Of course there still are cases of bacterial meningitis caused by the Meningococcal bacterial, but these cases are not common and are decreasing because of the use of a new, effective vaccine which prevents this dreaded disease.
I had not intended this to be a treatise on meningitis, I just want to stress the miracle of disease prevention by use of vaccines. Polio, measles, rubella, and mumps are just some of the diseases we can prevent. I have never seen a case of diphtheria, tetanus, or small pox. All these, often fatal diseases, are all but non existent in our country and small pox has been eradicated from the world by immunizations.
I know that I am sentized by the importance of vaccines because when I was a grade school kid my aunt had polio at the age of 25. She spent time in an “Iron lung”, and the next 50 years in a wheel chair. Thanks God for her saint of a husband who loved her enough to care for her all those years. At her funeral he filled everyone’s eyes with tears when he said. “Today she is walking in heaven!”
I know there are people who do not support immunizations; they simply do not know how vaccines work. I am not going to go in to all the details just trust me like you would your hair dresser. Vaccines saves thousands of lives every year. Flu vaccine won’t give you the flu, Measles vaccine won’t make your child autistic, no vaccines cause leukemia, the HPV vaccine to prevent cervical cancer will not make your daughter or son sexually promiscuous, and when a vaccine for AIDS is developed it will not make your son or daughter gay.

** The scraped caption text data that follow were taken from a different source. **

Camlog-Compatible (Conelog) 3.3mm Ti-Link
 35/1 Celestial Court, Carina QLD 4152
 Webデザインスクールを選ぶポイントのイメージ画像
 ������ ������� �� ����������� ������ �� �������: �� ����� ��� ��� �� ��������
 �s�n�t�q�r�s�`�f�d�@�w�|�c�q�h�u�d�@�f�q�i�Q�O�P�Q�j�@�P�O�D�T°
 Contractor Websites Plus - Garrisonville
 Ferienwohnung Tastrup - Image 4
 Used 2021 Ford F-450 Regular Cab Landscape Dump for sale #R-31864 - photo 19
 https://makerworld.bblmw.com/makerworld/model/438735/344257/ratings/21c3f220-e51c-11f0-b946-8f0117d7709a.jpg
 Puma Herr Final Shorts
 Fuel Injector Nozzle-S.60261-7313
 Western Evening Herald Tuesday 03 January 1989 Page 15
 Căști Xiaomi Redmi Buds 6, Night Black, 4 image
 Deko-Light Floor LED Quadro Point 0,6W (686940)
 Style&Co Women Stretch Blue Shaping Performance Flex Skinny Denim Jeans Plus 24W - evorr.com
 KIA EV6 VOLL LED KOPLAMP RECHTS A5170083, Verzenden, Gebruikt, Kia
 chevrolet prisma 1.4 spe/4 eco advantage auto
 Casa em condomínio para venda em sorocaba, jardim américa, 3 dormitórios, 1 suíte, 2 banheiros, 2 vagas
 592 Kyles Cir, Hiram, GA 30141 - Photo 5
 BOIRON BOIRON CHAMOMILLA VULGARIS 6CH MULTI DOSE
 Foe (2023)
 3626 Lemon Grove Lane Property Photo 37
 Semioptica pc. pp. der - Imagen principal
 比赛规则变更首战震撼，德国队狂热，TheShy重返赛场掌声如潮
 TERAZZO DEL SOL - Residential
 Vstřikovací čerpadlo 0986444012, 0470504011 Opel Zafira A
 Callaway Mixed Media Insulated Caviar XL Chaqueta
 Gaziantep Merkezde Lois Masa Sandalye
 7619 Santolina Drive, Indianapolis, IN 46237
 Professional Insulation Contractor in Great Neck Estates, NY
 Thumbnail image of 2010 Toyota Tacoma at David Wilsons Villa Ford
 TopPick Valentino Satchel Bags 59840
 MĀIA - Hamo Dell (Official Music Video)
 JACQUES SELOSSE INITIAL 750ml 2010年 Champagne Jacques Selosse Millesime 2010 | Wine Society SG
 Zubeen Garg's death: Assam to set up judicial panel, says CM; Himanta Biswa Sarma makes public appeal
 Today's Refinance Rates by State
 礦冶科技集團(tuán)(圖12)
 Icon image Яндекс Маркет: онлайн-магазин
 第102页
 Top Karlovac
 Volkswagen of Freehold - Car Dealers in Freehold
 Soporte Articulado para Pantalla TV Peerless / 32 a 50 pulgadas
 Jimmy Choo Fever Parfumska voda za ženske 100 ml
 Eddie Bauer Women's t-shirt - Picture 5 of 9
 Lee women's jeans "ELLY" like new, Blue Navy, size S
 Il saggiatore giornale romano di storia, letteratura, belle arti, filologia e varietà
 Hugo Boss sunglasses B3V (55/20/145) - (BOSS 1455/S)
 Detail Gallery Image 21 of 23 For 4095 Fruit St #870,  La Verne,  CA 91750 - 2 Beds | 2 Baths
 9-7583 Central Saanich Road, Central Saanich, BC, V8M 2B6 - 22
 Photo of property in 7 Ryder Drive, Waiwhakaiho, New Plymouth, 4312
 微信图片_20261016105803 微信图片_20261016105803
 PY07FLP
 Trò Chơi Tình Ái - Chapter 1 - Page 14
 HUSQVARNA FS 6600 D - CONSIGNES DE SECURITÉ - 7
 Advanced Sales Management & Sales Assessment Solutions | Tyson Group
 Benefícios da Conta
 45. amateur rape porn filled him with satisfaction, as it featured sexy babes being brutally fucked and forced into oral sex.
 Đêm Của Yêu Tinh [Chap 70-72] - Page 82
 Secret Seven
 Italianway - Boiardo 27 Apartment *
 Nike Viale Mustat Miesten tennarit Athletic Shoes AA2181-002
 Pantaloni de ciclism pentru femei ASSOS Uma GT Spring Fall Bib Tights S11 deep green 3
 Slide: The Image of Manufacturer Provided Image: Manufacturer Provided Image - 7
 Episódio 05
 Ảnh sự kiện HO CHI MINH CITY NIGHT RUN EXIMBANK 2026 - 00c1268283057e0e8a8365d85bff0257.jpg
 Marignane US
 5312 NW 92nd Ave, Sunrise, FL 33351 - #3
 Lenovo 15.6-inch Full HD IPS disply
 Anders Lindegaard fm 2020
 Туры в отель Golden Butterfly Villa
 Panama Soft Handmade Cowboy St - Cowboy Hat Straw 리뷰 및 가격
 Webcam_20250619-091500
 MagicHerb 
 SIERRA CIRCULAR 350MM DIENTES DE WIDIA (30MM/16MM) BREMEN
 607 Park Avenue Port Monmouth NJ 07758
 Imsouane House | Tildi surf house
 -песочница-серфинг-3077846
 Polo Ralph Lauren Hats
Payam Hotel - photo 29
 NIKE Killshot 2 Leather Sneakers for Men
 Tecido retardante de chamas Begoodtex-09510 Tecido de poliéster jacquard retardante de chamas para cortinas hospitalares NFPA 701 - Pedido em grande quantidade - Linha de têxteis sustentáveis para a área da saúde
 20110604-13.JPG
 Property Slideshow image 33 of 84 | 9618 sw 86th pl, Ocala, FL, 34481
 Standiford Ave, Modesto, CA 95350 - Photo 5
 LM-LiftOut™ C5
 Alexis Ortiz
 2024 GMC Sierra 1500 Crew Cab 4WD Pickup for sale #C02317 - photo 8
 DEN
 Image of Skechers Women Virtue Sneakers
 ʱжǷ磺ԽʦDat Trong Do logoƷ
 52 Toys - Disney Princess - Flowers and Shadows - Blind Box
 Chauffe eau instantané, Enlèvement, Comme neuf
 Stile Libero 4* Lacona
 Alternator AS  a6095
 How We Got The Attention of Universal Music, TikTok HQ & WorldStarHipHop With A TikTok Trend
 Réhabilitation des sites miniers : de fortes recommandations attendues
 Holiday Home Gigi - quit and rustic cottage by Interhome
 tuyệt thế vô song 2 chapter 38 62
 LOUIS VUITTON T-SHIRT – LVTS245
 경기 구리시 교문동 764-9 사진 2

Thanks for getting your kids immunized, and if someone tells you vaccines are unsafe, don’t argue, just walk away like you would if they told you not to keep your kid in a car seat. People like that are not capable of changing their minds, just move along and continue to be the best parent you can be! Your kids will thank you, your community will thank you, the world will thank you, and so will I! Thanks parents for doing a great job!